About this exercise: Return every line of the records, exact and in full, until you have returned the line with "Young male employee working in the office", and include none of the pictures.

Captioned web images
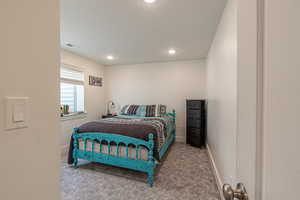 Bedroom featuring carpet flooring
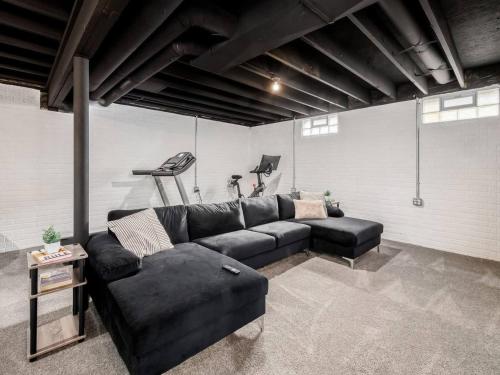 a living room with a black couch and a table at Urban Oasis w Hot Tub Near Downtown & Arena District in Columbus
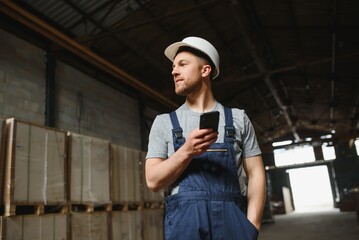 Wall Mural - Management team, engineer, or foreman. Standing checking job information about industrial production management within the factory by phone. Teamwork concept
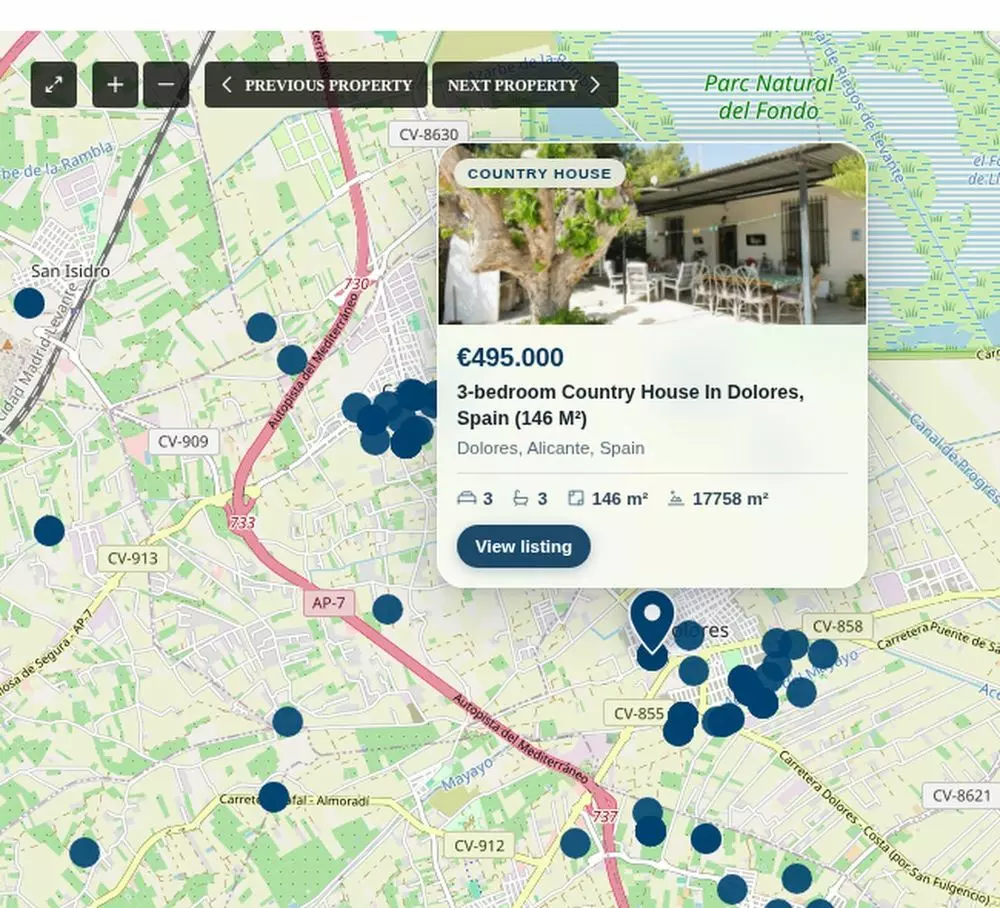 The search map over Alicante with dark blue dots and one property card open showing the price, the address and a View listing link, with a pin on the exact location (product screenshot)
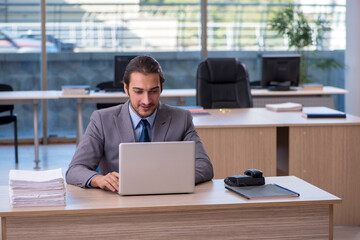 Young male employee working in the office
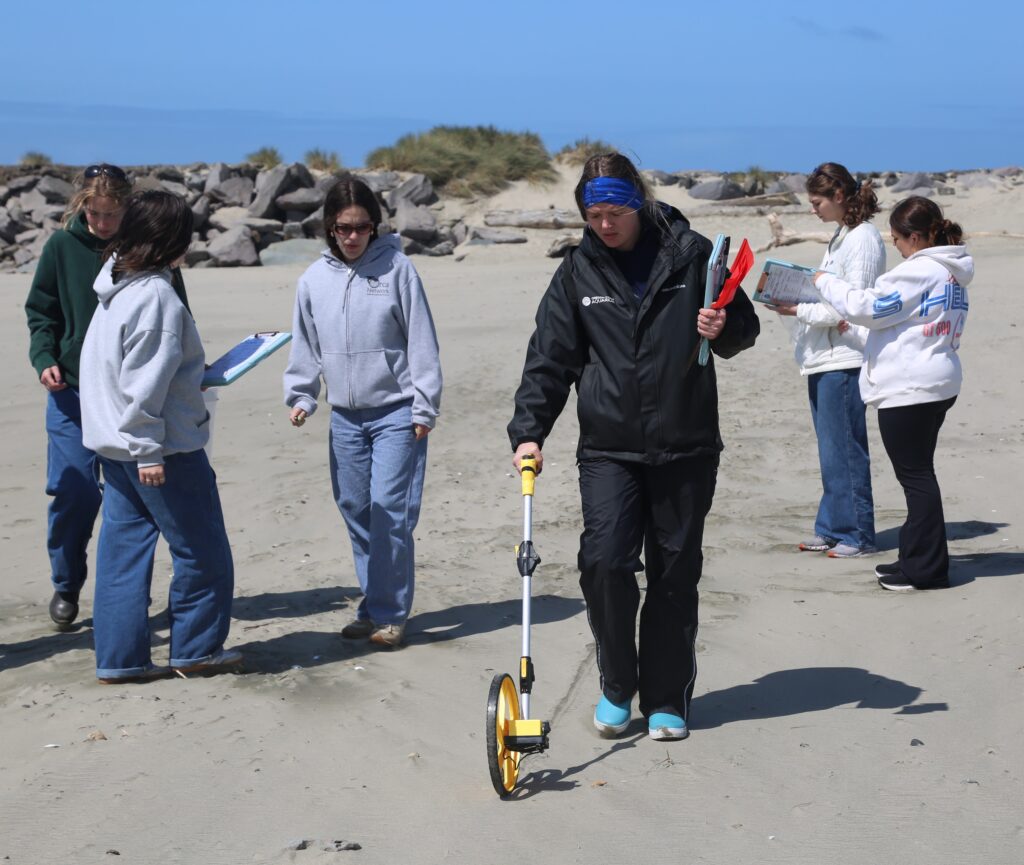 Shelby measures a transect where nurdles and other microplastics will be collected and recorded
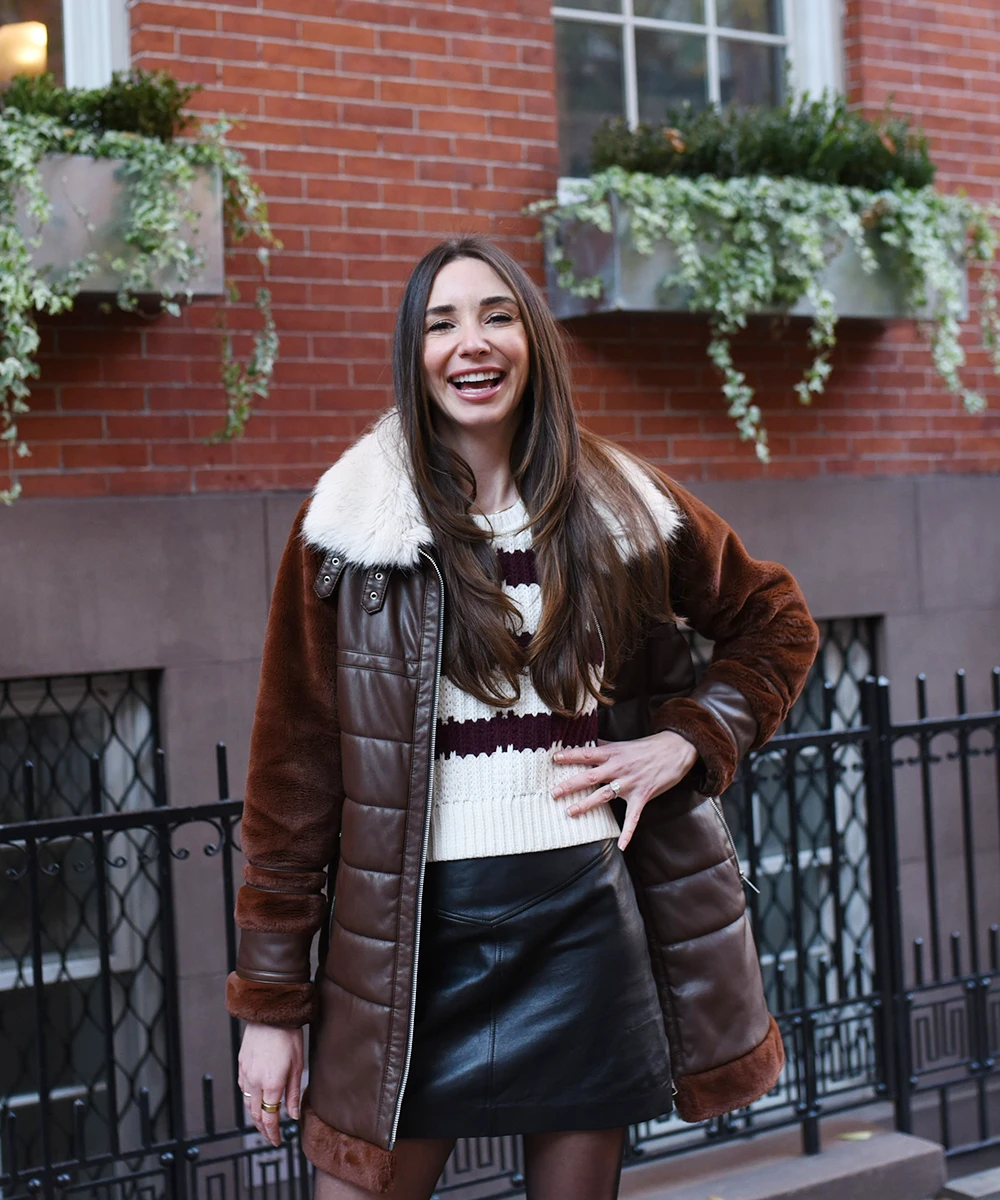 Blaine, in the West Village, wearing a puffy brown jacket, smiling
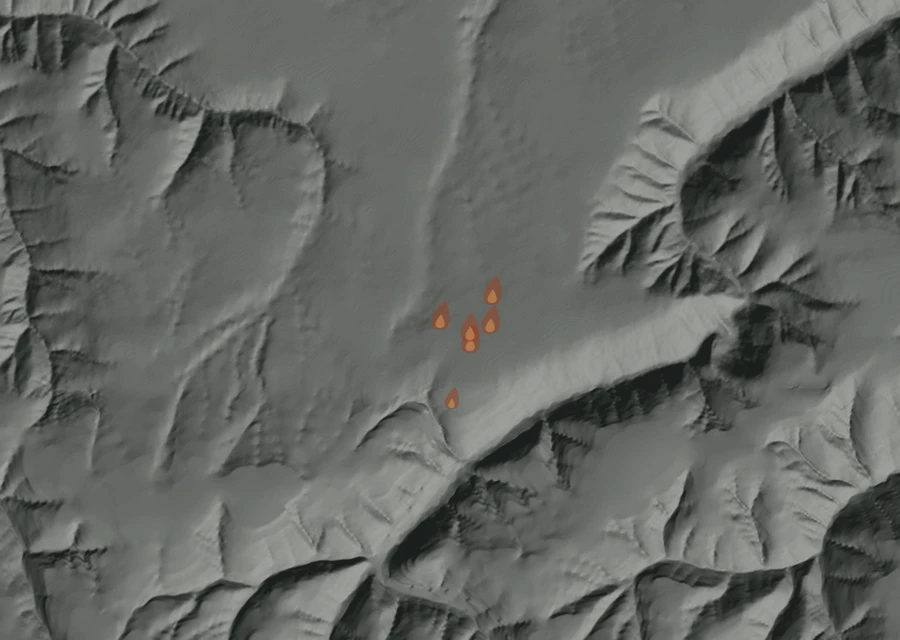Shaded relief map of the Columbia Center Mutual Aid Fire. Amber flames mark every place that gave off heat in the last day; the shading is the shape of the ground.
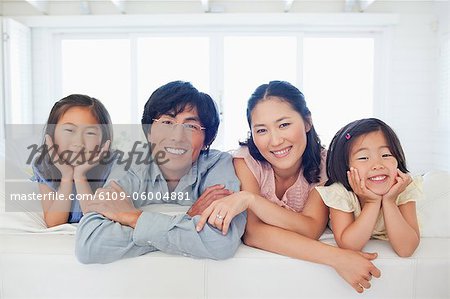 La famille souriant comme ils s'agenouillent sur le canapé ensemble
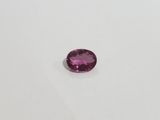 a pink tourmaline gems on a white surface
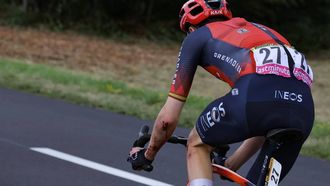2023-07-22 14:44:04 INEOS - Grenadiers' Spanish rider Carlos Rodriguez Cano cycles to catch up to the pack of riders after crashing during the 20th stage of the 110th edition of the Tour de France cycling race 133 km between Belfort and Le Markstein Fellering, in Eastern France, on July 22, 2023. 
Thomas SAMSON / AFP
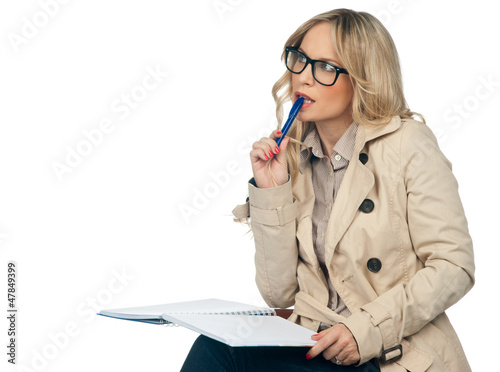 Photo: woman writing in the notebook woman writing in the notebook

Task answer:
 Bedroom featuring carpet flooring
 a living room with a black couch and a table at Urban Oasis w Hot Tub Near Downtown & Arena District in Columbus
 Wall Mural - Management team, engineer, or foreman. Standing checking job information about industrial production management within the factory by phone. Teamwork concept
 The search map over Alicante with dark blue dots and one property card open showing the price, the address and a View listing link, with a pin on the exact location (product screenshot)
 Young male employee working in the office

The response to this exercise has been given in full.